Chicken coop/doll house...
I spoke to my Aunt Dolly this afternoon.... and told her about the chickens. She laughed when I told her I had named my three hens Dolly, Jaye, and Edie. When I described their personality traits to her, she laughed even more-- she agreed with me that the chickens are following in the steps of their namesakes: Dolly being so tidy with the nesting boxes; Jaye always preening her feathers; Edie wanting to be first in line at feeding time.
Aunt Dolly told me that when she was a young girl, grandpa built a chicken coop in the backyard of the family home in Queens.

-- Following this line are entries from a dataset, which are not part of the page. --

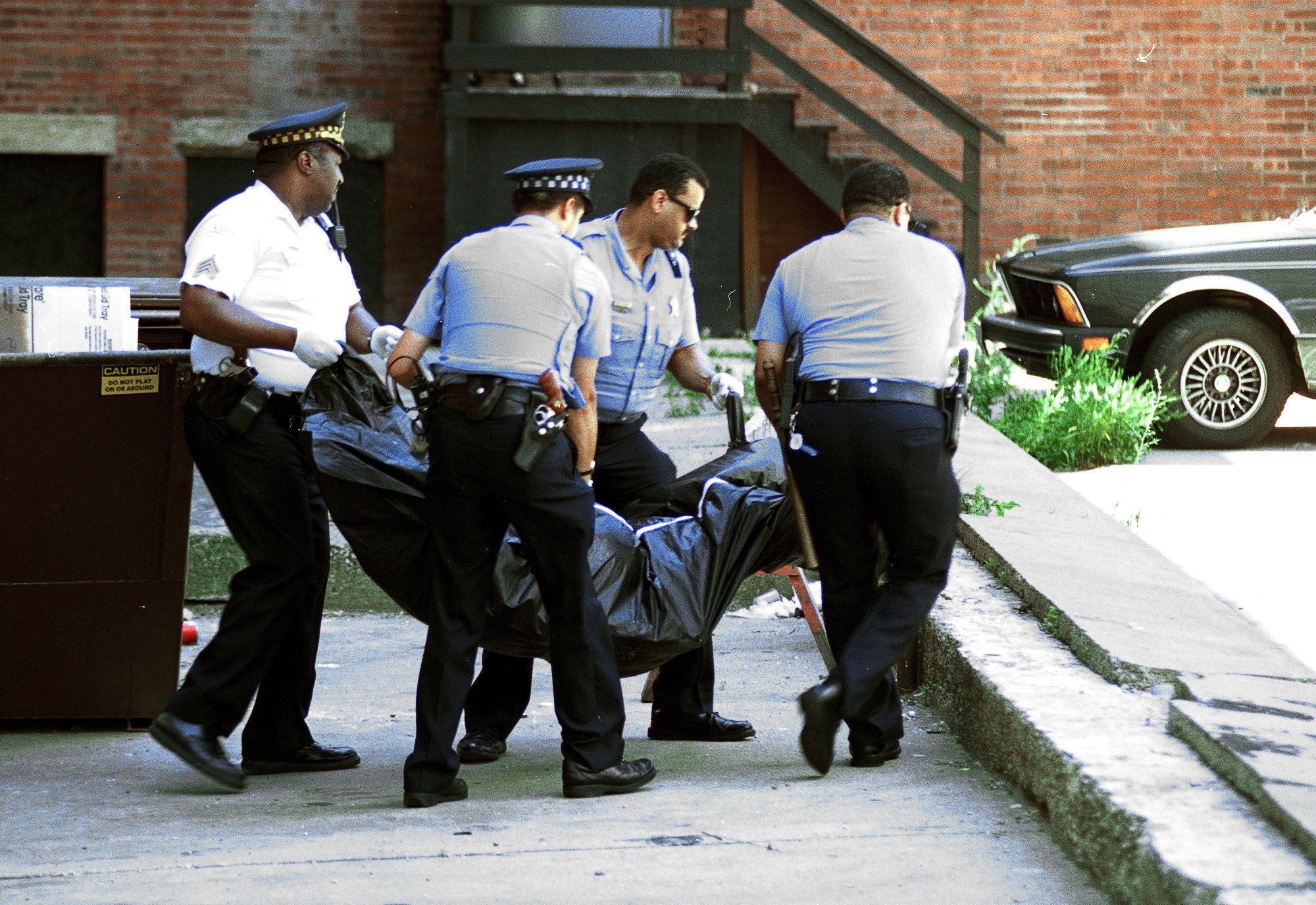 Chicago police officers remove the body of man from the...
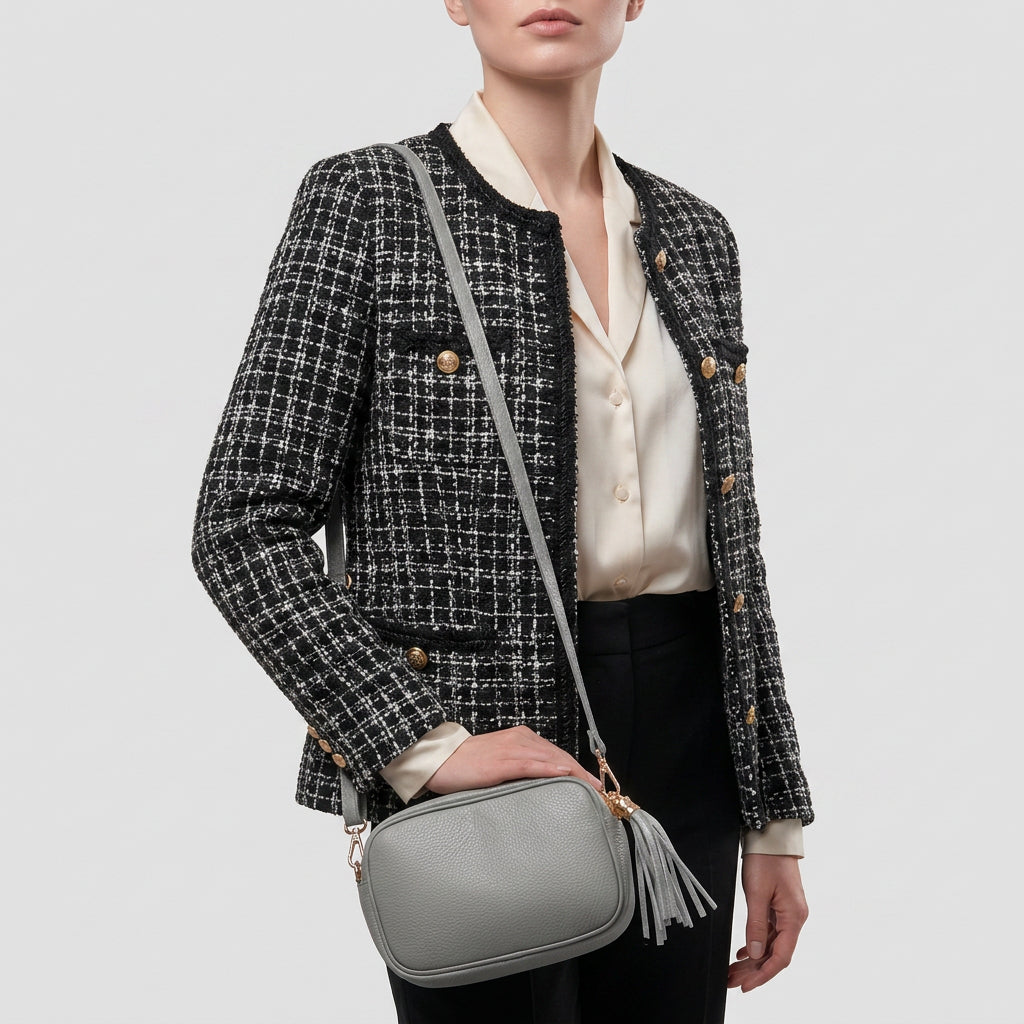 A woman in a black and white tweed jacket, cream blouse, and black pants holds a women’s crossbody bag handcrafted in Italy from fine Italian calf leather, featuring a tassel detail against a plain light background.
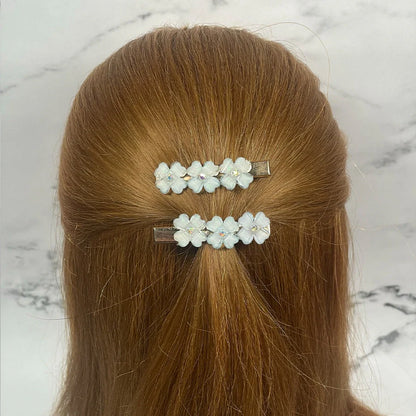 White floral hair pins for women clipped on light brown hair against a marble background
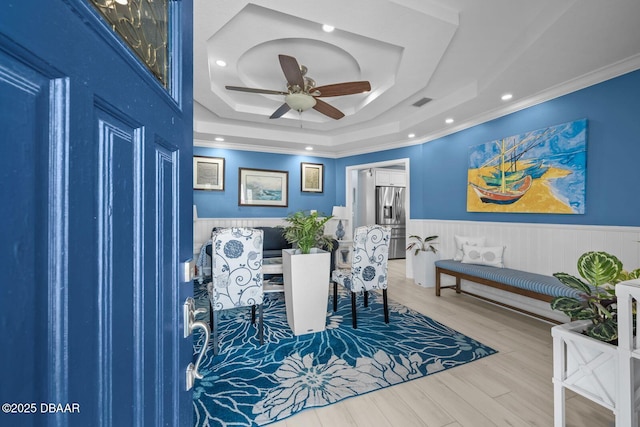 1942 N Daytona Ave, Flagler Beach, FL 32136 - dining space featuring ornamental molding, ceiling fan, a tray ceiling, wainscoting, and recessed lighting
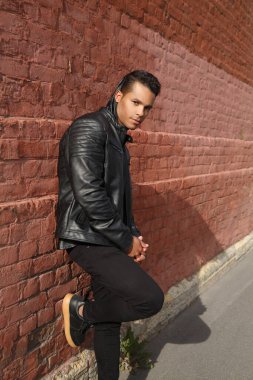 Siyah deri ceketli yakışıklı adam, dışarıdaki kırmızı tuğladan duvara yaslanıyor..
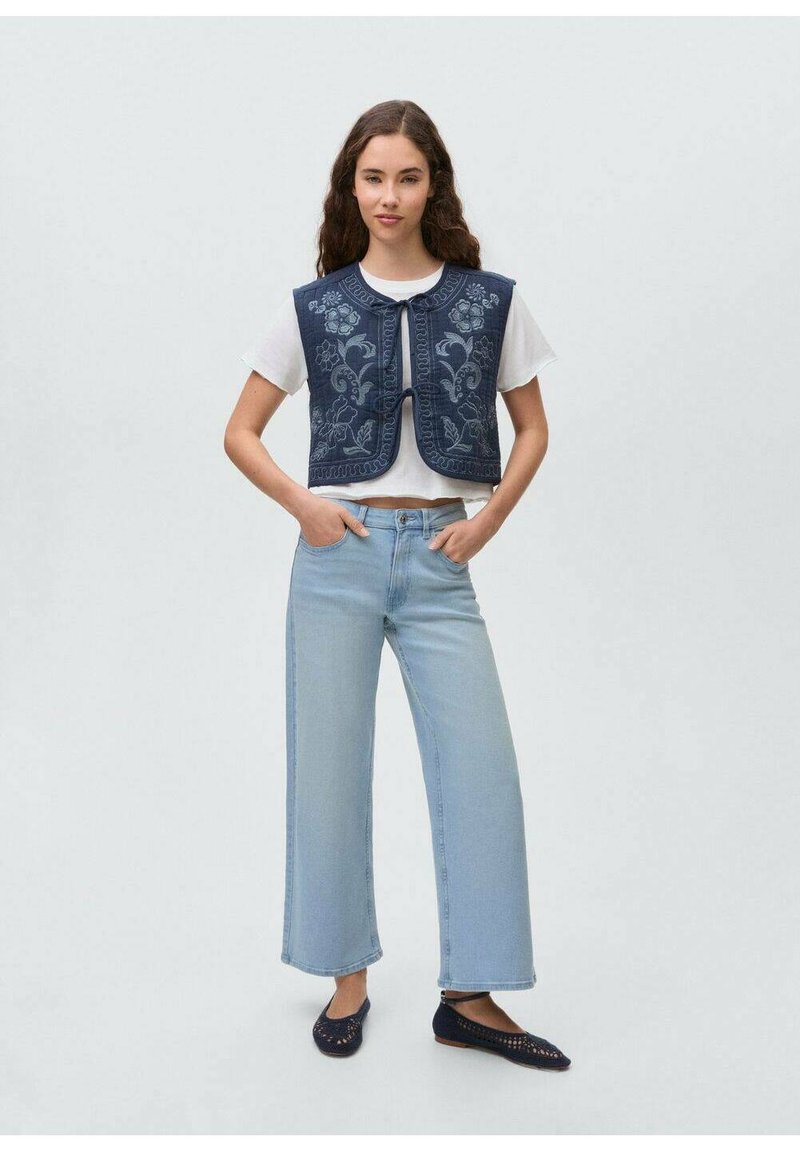 Mornarsko modro floralno vezeno telovnik s okroglim izrezom, oblečen preko bele majice, kombiniran s svetlo modrimi širokimi hlačami in temnimi balerinkami.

The area was very rural then, and moving out to Queens from The City was a big deal. Anyone who was able to move out of Little Italy and escape out into the countryside was considered very lucky indeed.
So Grandpa raised chickens... they had fresh eggs every morning, and when the hens got too old for egg-laying, they became chicken soup or roasted chicken. Ouch. "What can you do? We had to eat!"... said my 96-yr-old Aunt Dolly.
When my grandfather started making more money, and my grandmother got tired of cleaning the coop and chasing chickens around the yard who were no longer laying eggs, they "did away with" the chickens and had an empty coop sitting in the corner of the backyard.
My Aunt Dolly decided that the chicken coop would make a wonderful movie-star house, so she asked Grandpa if she could have the coop. He told her that if she cleaned it up, she could have it. Even then, I'm sure my aunt was a quick and efficient cleaning-machine. (We all tell her she's like the little pink Energizer Bunny-- she keeps going, and going, and going....) So my then fourteen-year-old Aunt Dolly cleaned that coop from top to bottom-- the ceiling, the walls, the floor. She said she hung up curtains on the little window and put down a rag-rug, and added an old chair and a tiny table. Then she wallpapered the walls with pictures of movie stars, cut from magazines and newspapers. "Every movie star of the day was pasted up in that coop," my aunt told me.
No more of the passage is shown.